体重が増えて困るかどうかは、人によってかなり異なります。ガリガリに痩せた男性であればちょっと体重が増えても全然困らないでしょう。でも、スタイルに気を使っている若い女性にとって体重がちょっとでも増えることは大きな恐怖です。

体重増加に対して主治医とあなたとの間に認識のギャップがある恐れがあります。特に年配の先生だったりすると、若い女性が悩むポイントというものは意外と気付かないものです。

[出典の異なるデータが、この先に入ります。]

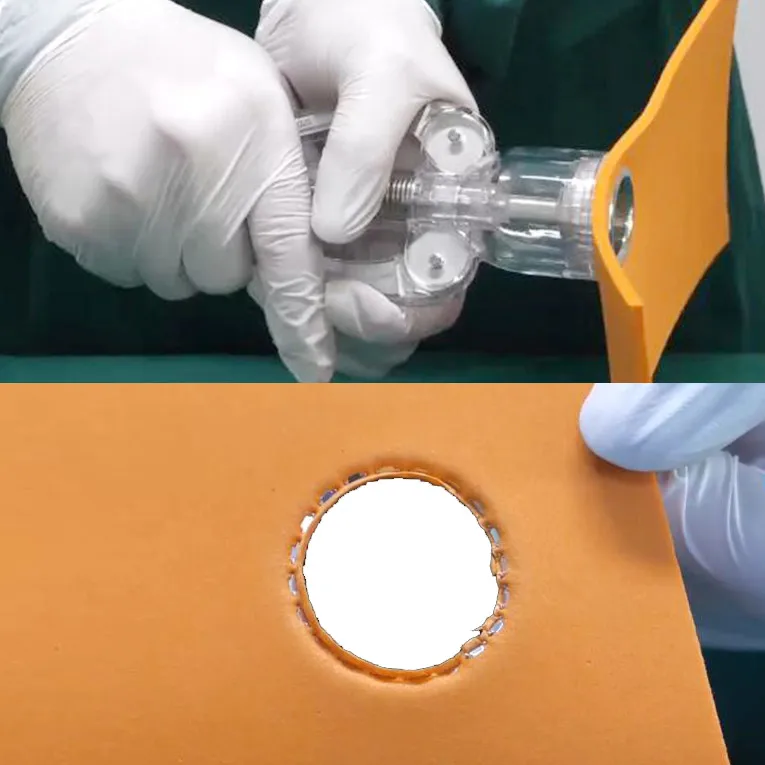 Factory wholesale QIANJING Disposable circumcision instruments for Children or Adult Male with stainless steel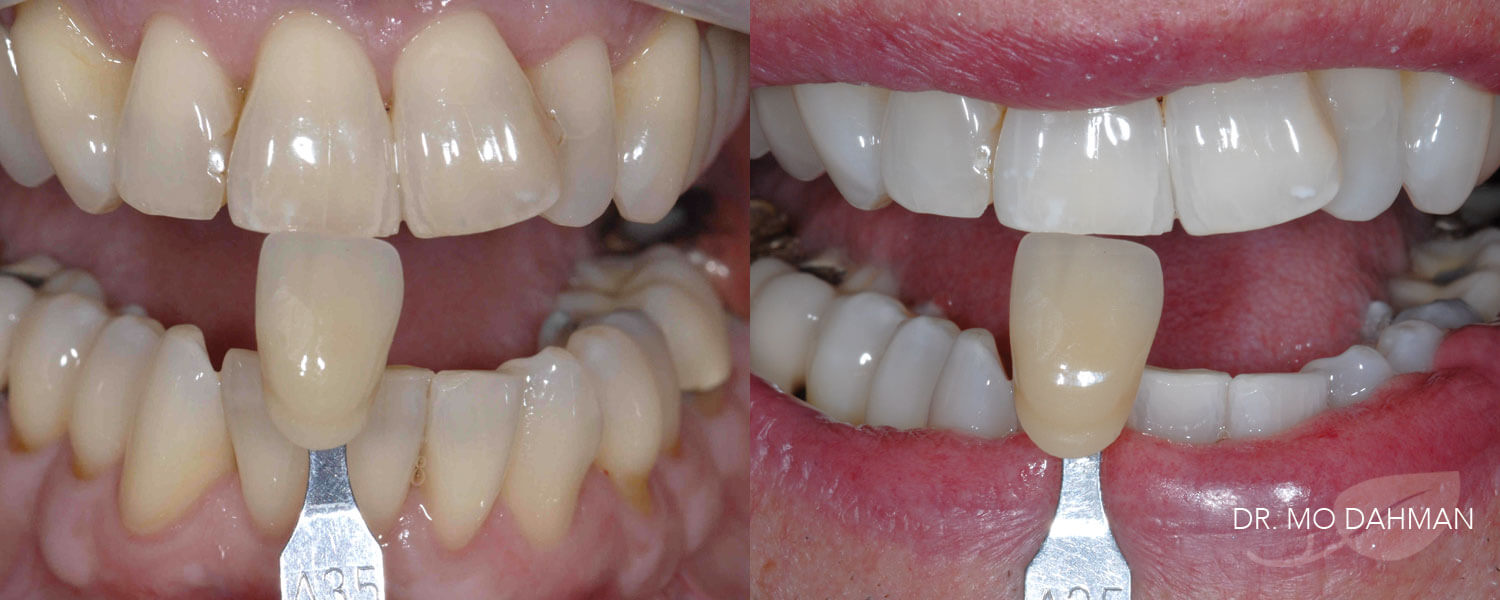 Before and after photos of the results of a whitening procedure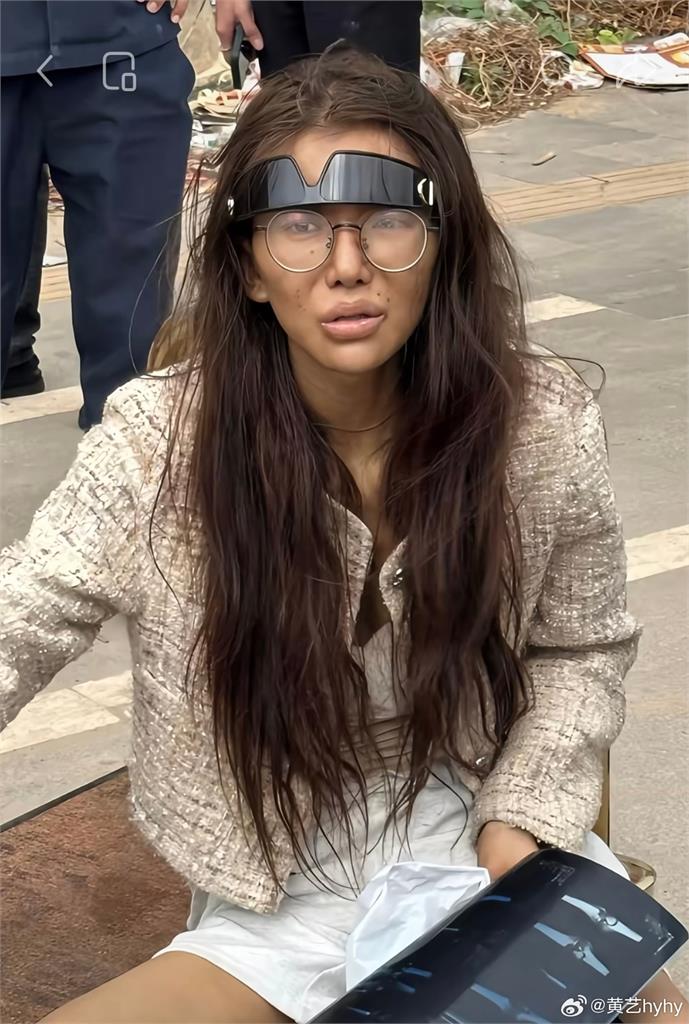 20歲女網紅遭斷腿丟包柬埔寨！網見她吃「八寶粥」曝暗黑內幕：牙被拔光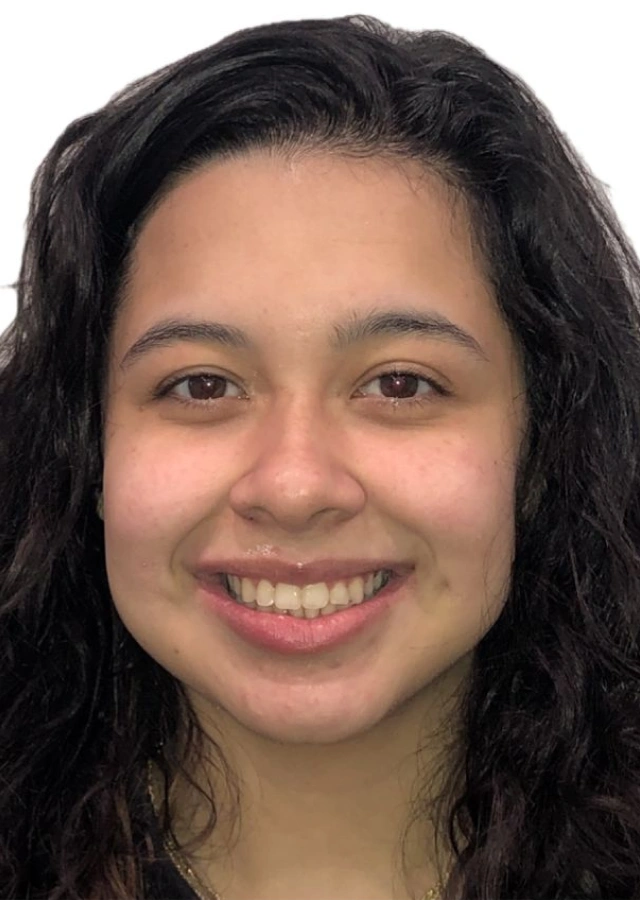 Jazmin - Adult comprehensive orthodontic treatment after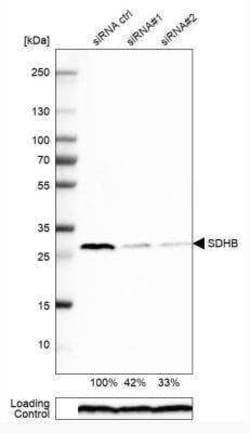 SDHB Antibody, Novus Biologicals:Antibodies:Primary Antibodies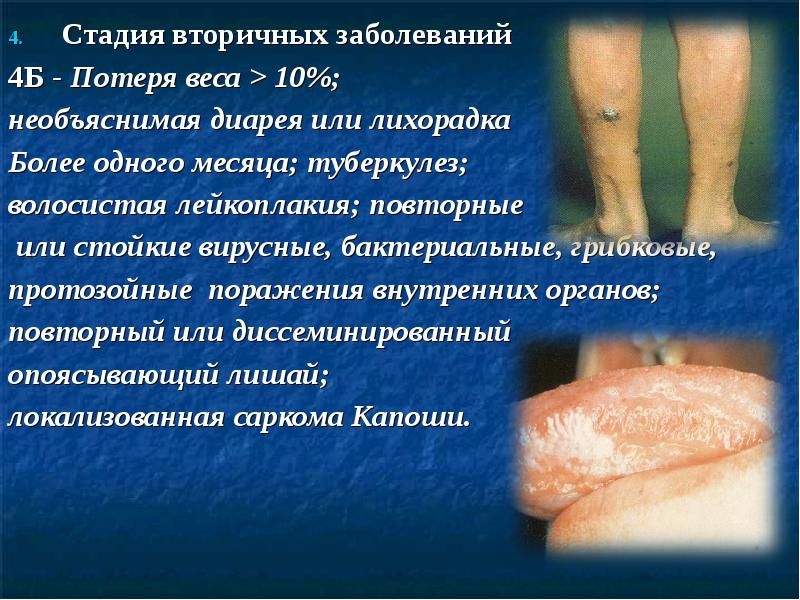 Стадия вторичных заболеваний Стадия вторичных заболеваний 4Б - Потеря веса >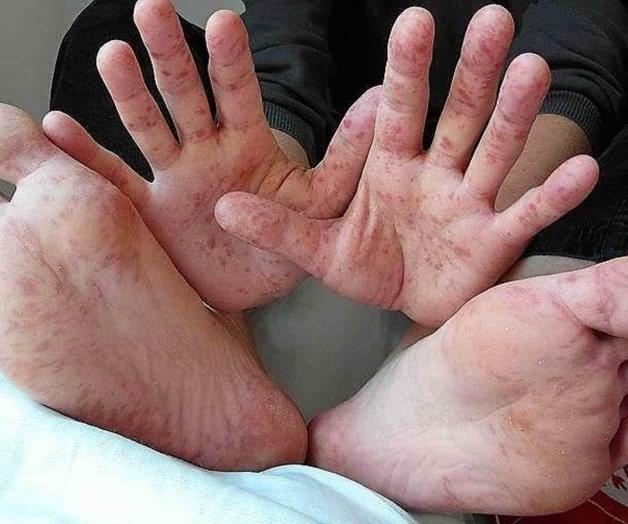 Alertan en Ribereña sobre la fiebre aftosa humana Alertan en Ribereña sobre la fiebre aftosa humana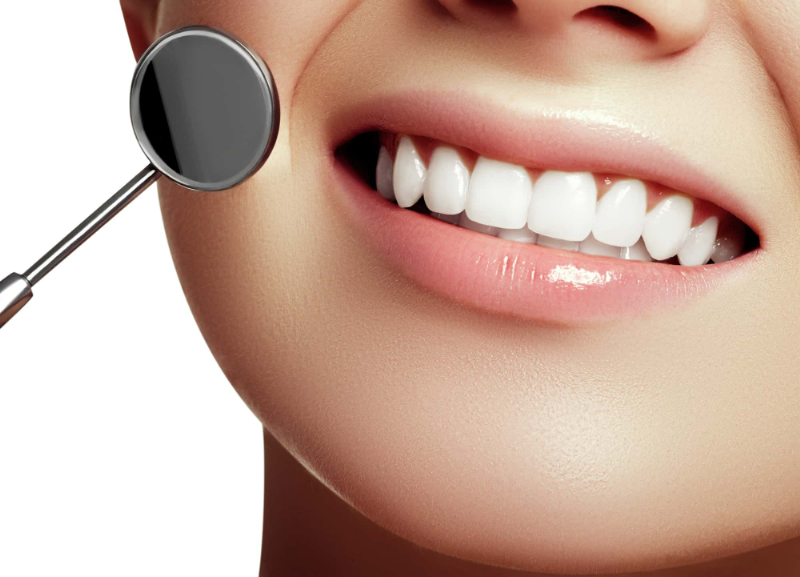 審美歯科治療で美しくなった歯のイメージ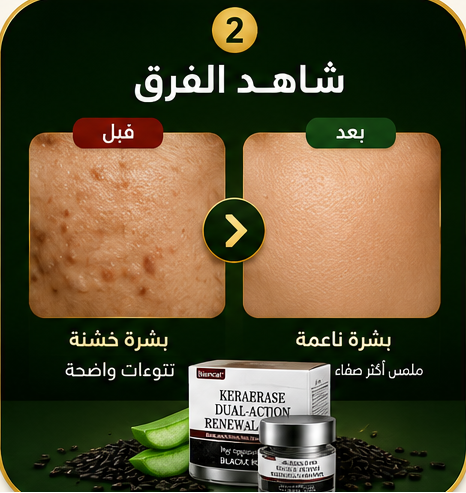 كريم بيانكات® – ودّع الزوائد الجلدية والنتوءات واستعد نعومة بشرتك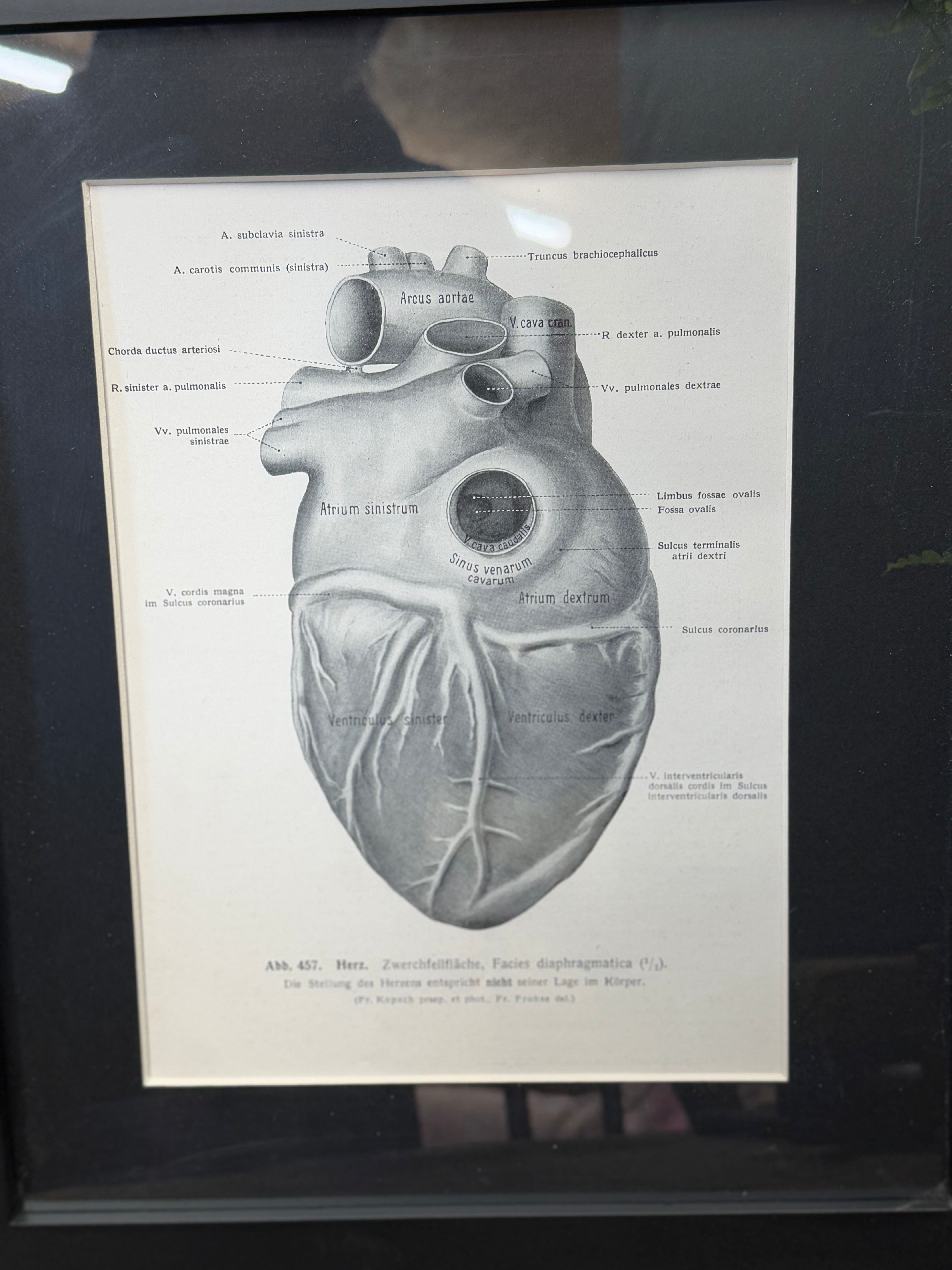 Framed Antique Anatomy Print 1920s Medical Book Plate Wall Art Picture T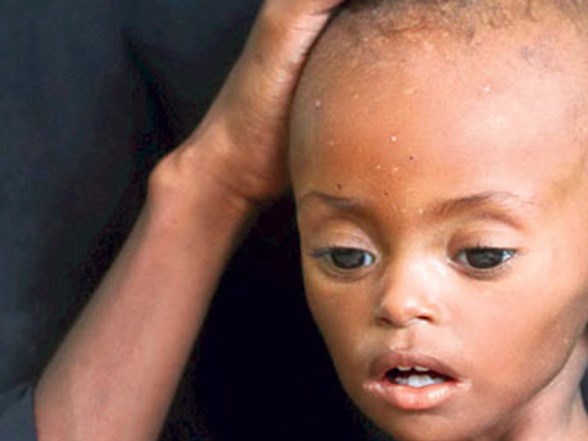 diyaliz hastalarinda intihar egilimi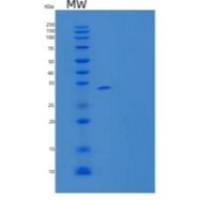 人脱氧胞苷激酶(DCK)重组蛋白N-6His, T7 tag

ただし、病状によっては薬の量を減らせないこともあります。相談の上で、お薬を減らせないという結論になった場合は、勝手に減らすことはせず、主治医の指示に従ってください。

Ⅲ.別の抗精神病薬に変えてみる

別の抗精神病薬に変えてみるという手もあります。

しかしエビリファイは抗精神病薬の中では、一番と言っていいほど太りにくいお薬ですので、他の抗精神病薬に変更しても改善は得られない可能性もあります。そのため、変薬の適応になるかどうかは主治医としっかり相談しなければいけません。

変薬の際、「太りにくい」という観点で見れば候補に挙がるのは、SDAのパリペリドン(商品名インヴェガ)、ペロスピロン(商品名:ルーラン)、ブロナンセリン(一般名ロナセン)あたりでしょうか。

ただし、それぞれの抗精神病薬には長所と短所がありますので、体重増加の視点だけで考えるのではなく、総合的に判断することが大切です。体重増加は改善されたけど、今度は別の副作用で悩むようになってしまった、ということもあります。

そのようなことになっては意味がありません。変薬の際は主治医とよく相談して決めててください。

Ⅳ.便秘が原因であれば下剤も検討

エビリファイは便秘を起こす事があります。その程度は、他の抗精神病薬と比べると少ないのですが、もし便秘が理由での体重増加なのであれば、排便コントロールをすることが体重減少につながります。

主治医と相談して、排便コントロールに最適な下剤を検討してください。

また前項と重複しますが、排便コントロールには規則正しい食生活・運動習慣も重要です。こちらも問題がないか再確認しましょう。